▶ **EXERCISE INSTRUCTIONS**:
From the first line of the material through the line that holds "living room with", repeat each line exactly and skip any picture.

----------------------------------------

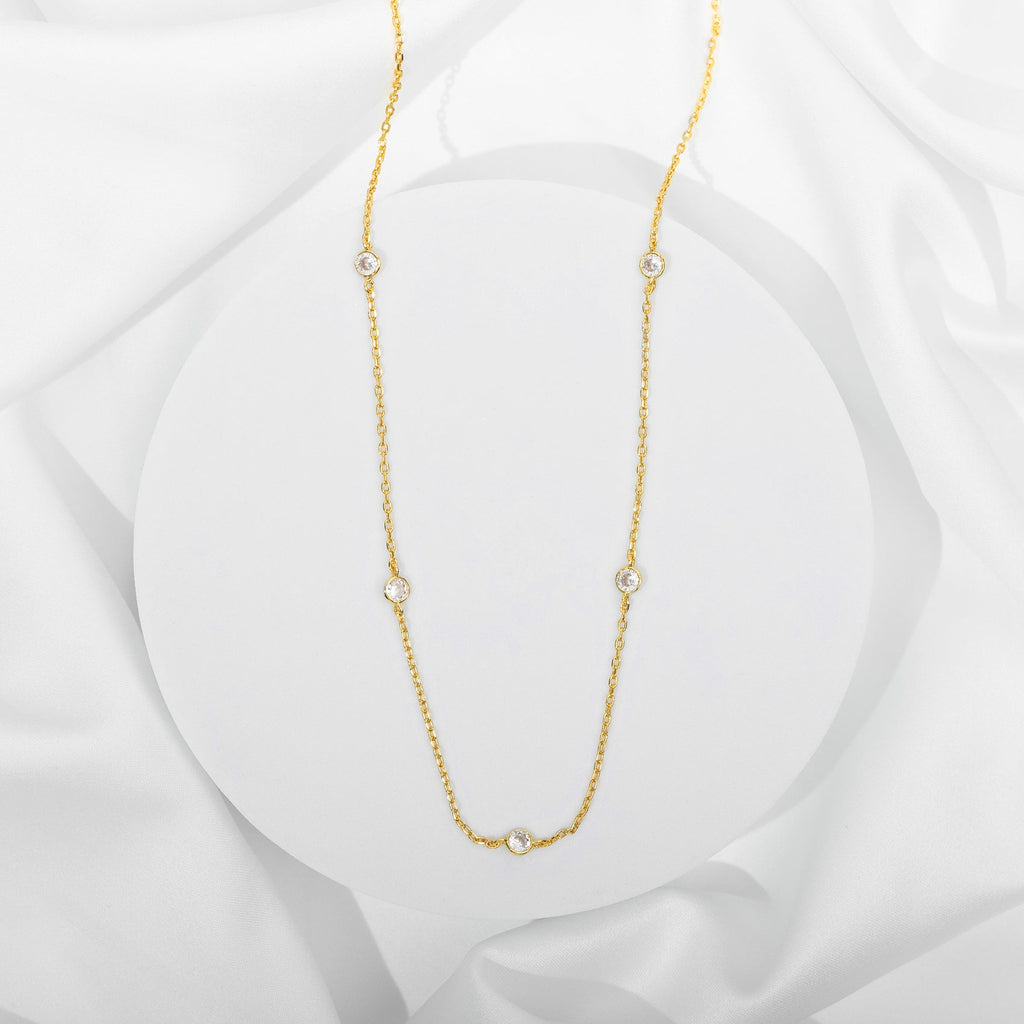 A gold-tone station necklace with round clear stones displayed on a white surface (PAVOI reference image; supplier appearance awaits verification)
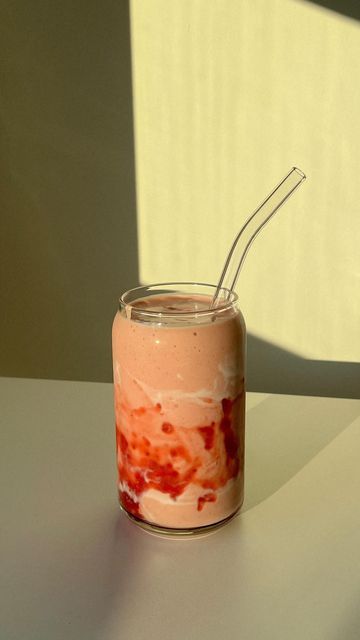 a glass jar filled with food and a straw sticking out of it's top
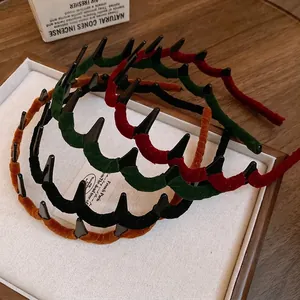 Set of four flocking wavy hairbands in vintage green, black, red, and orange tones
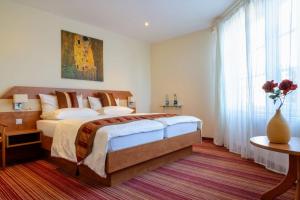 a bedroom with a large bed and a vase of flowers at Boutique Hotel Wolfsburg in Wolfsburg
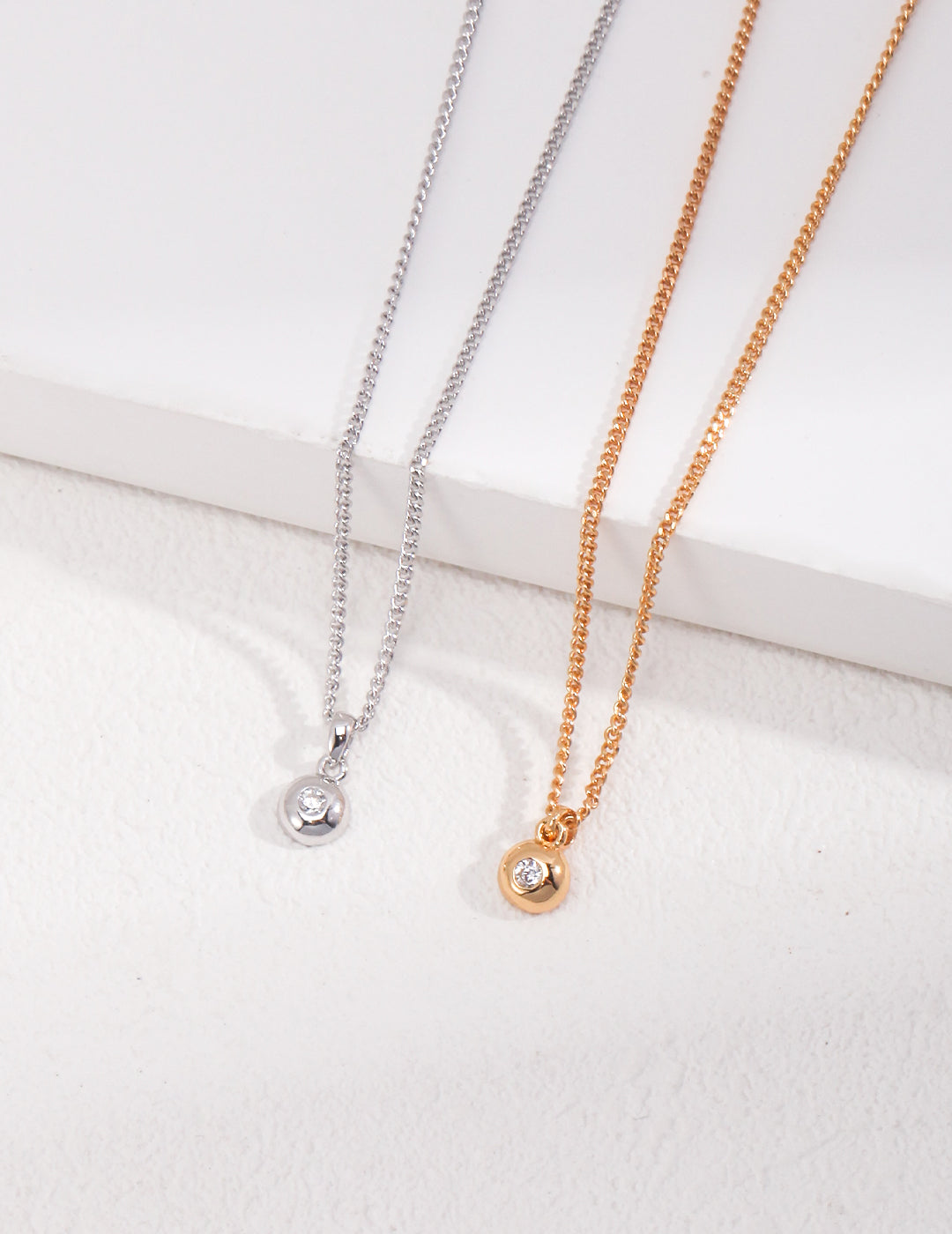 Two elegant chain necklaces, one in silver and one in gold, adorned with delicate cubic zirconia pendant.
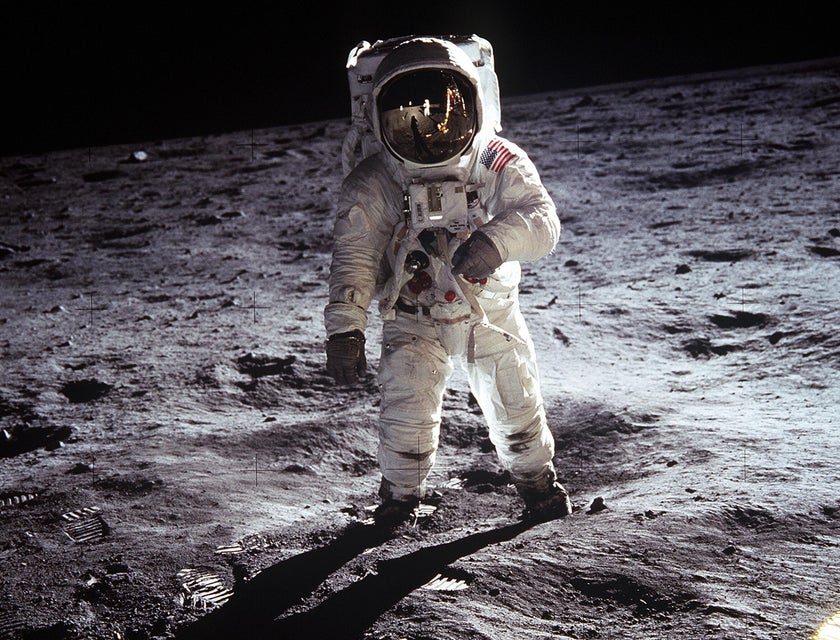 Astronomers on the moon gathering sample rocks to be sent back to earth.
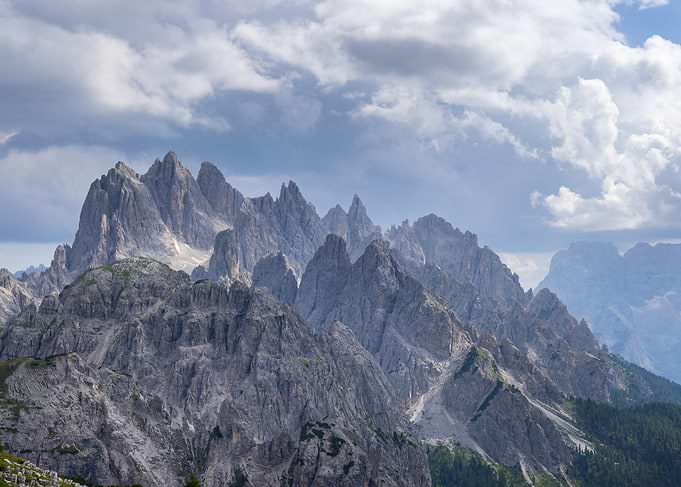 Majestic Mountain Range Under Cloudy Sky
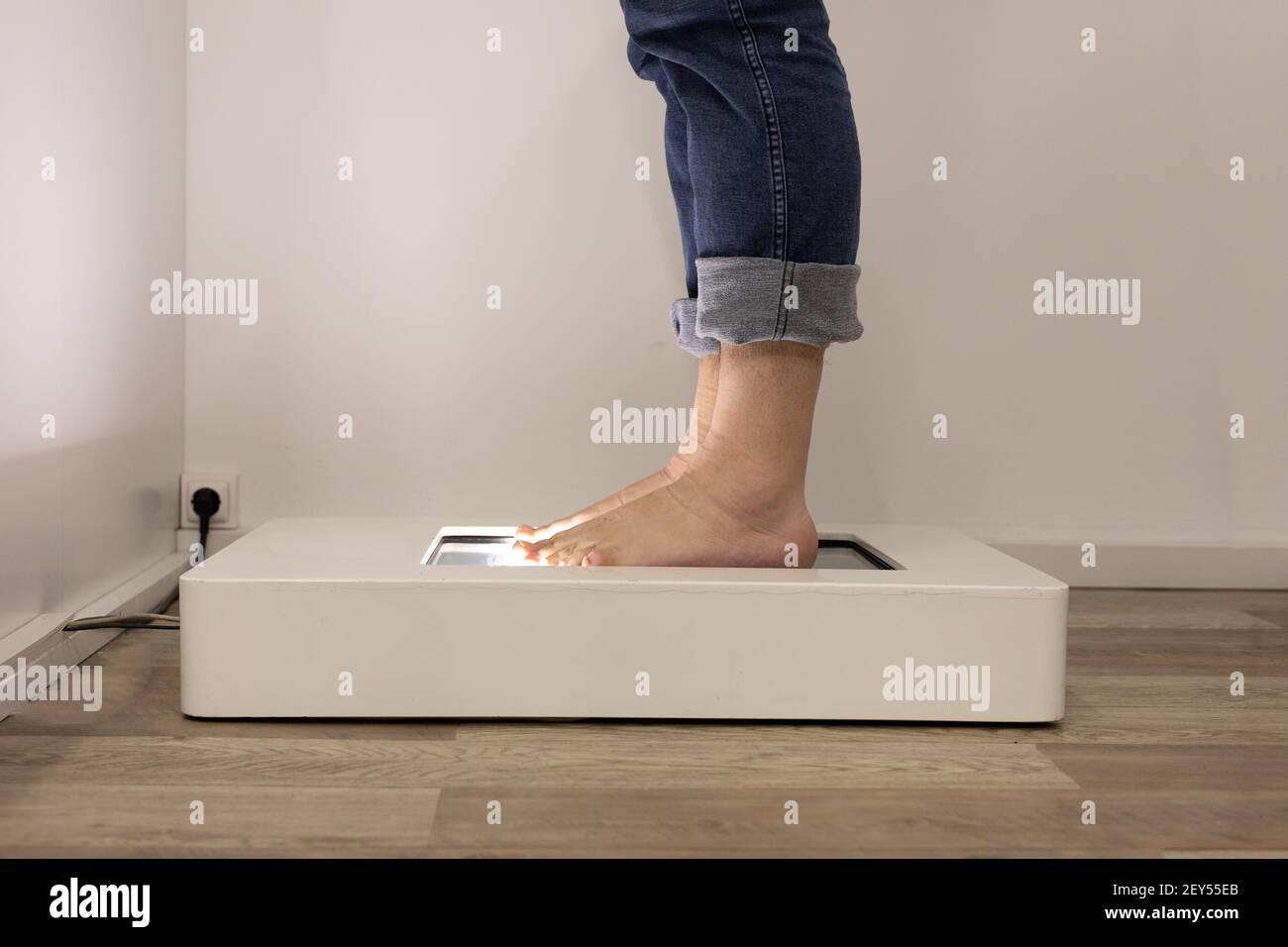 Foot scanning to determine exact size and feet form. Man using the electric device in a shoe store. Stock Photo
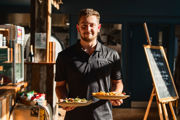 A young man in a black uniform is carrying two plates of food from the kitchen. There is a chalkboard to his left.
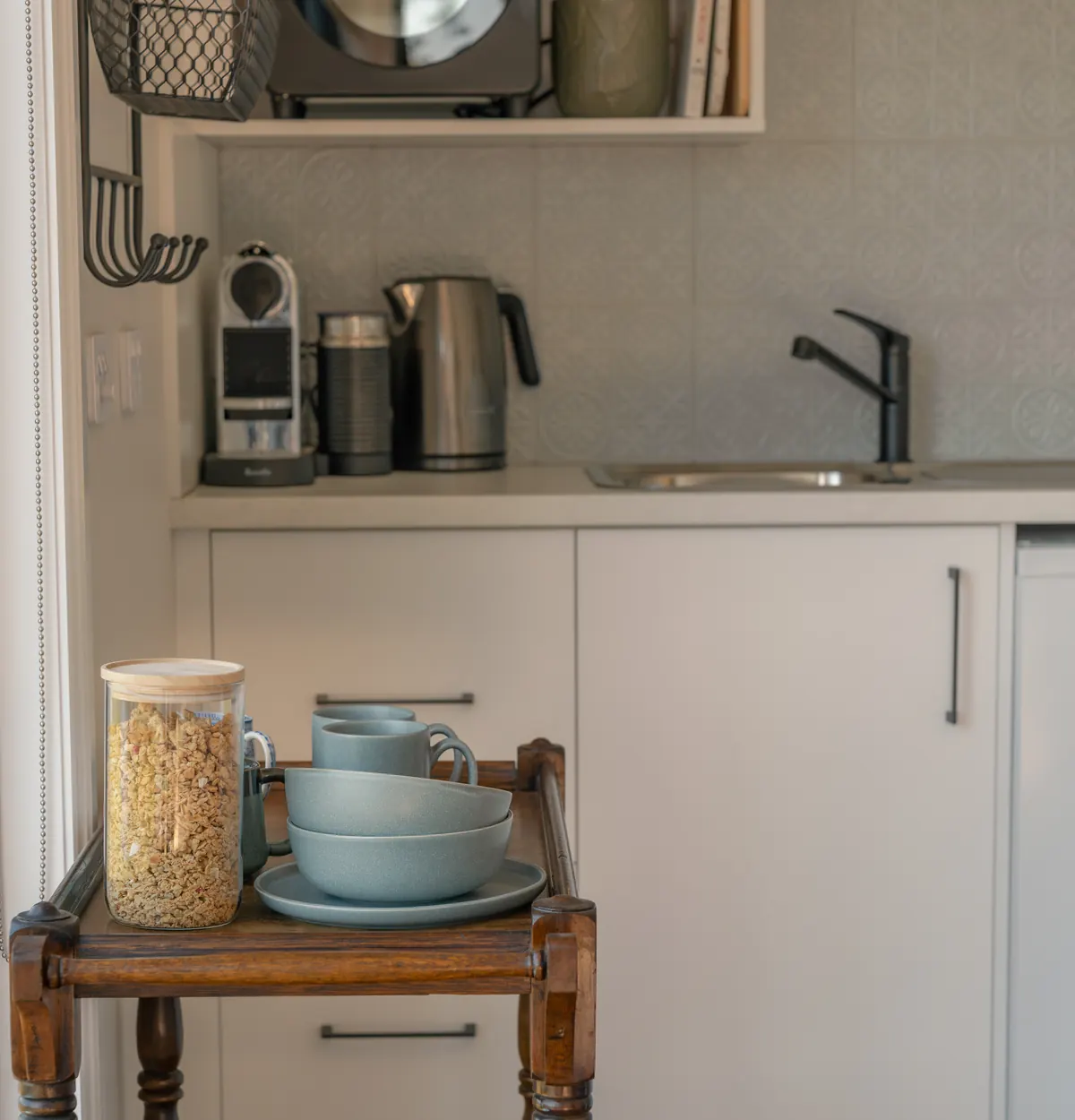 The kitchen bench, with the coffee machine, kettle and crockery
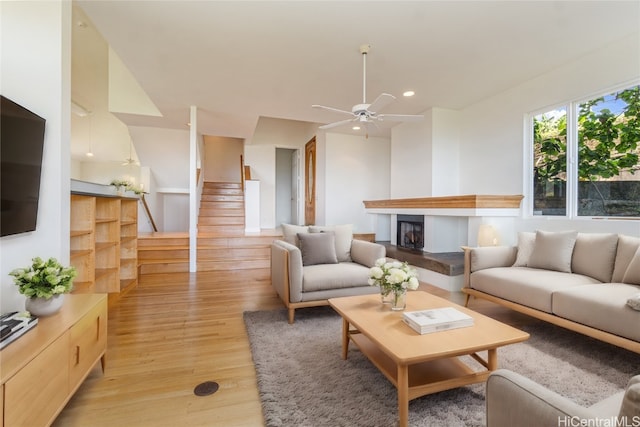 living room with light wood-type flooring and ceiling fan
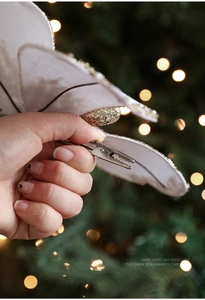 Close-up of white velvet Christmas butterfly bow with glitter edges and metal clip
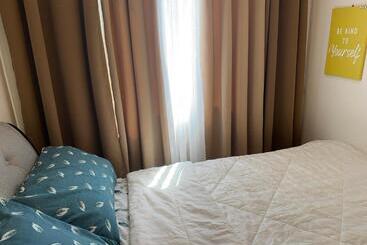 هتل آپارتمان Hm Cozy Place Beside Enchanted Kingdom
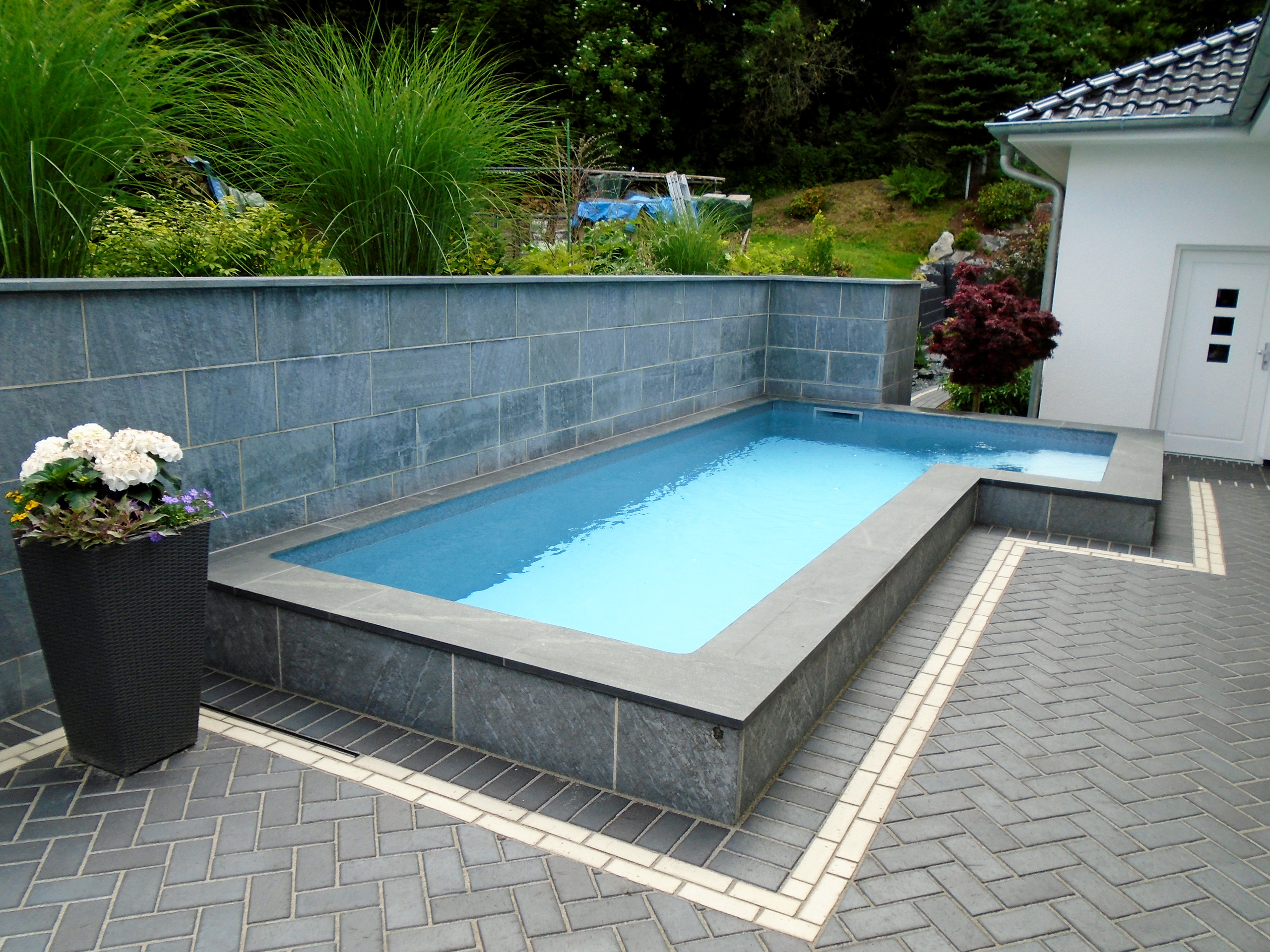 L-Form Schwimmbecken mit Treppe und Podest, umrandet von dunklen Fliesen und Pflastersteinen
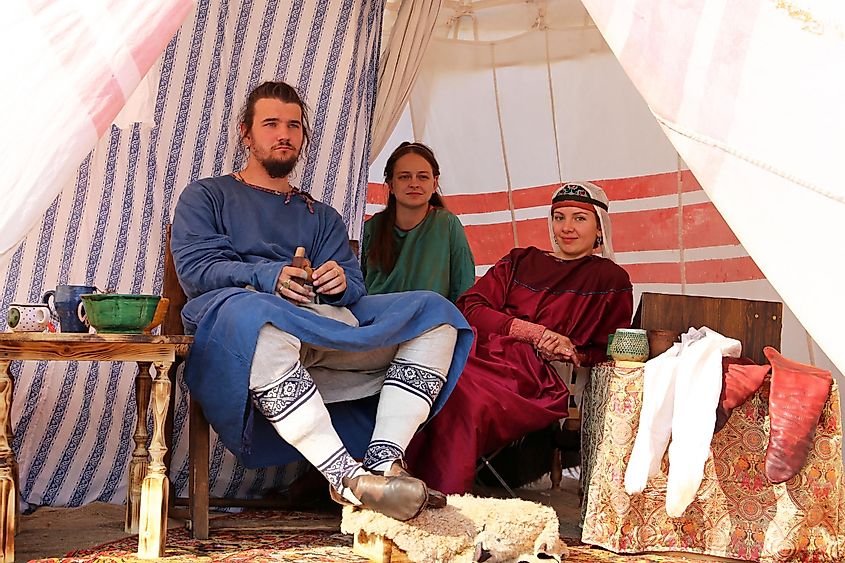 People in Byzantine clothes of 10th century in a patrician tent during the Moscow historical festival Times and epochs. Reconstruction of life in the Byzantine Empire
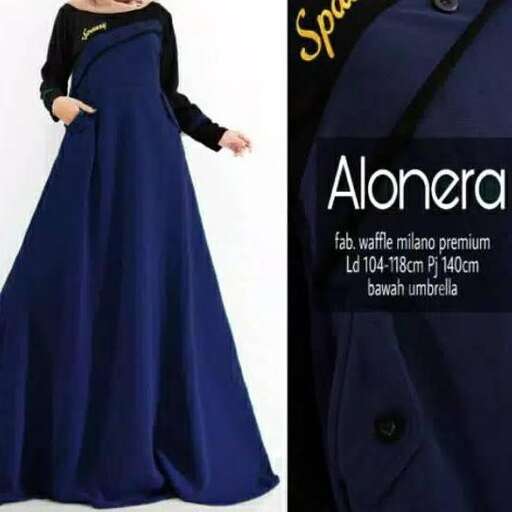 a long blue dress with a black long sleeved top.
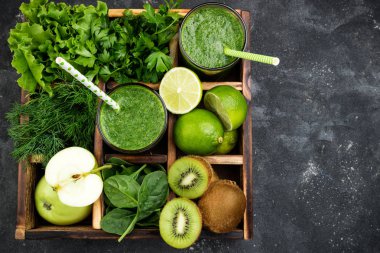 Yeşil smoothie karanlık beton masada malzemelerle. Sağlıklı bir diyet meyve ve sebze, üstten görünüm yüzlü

----------------------------------------

▶ **THE ANSWER**:
 A gold-tone station necklace with round clear stones displayed on a white surface (PAVOI reference image; supplier appearance awaits verification)
 a glass jar filled with food and a straw sticking out of it's top
 Set of four flocking wavy hairbands in vintage green, black, red, and orange tones
 a bedroom with a large bed and a vase of flowers at Boutique Hotel Wolfsburg in Wolfsburg
 Two elegant chain necklaces, one in silver and one in gold, adorned with delicate cubic zirconia pendant.
 Astronomers on the moon gathering sample rocks to be sent back to earth.
 Majestic Mountain Range Under Cloudy Sky
 Foot scanning to determine exact size and feet form. Man using the electric device in a shoe store. Stock Photo
 A young man in a black uniform is carrying two plates of food from the kitchen. There is a chalkboard to his left.
 The kitchen bench, with the coffee machine, kettle and crockery
 living room with light wood-type flooring and ceiling fan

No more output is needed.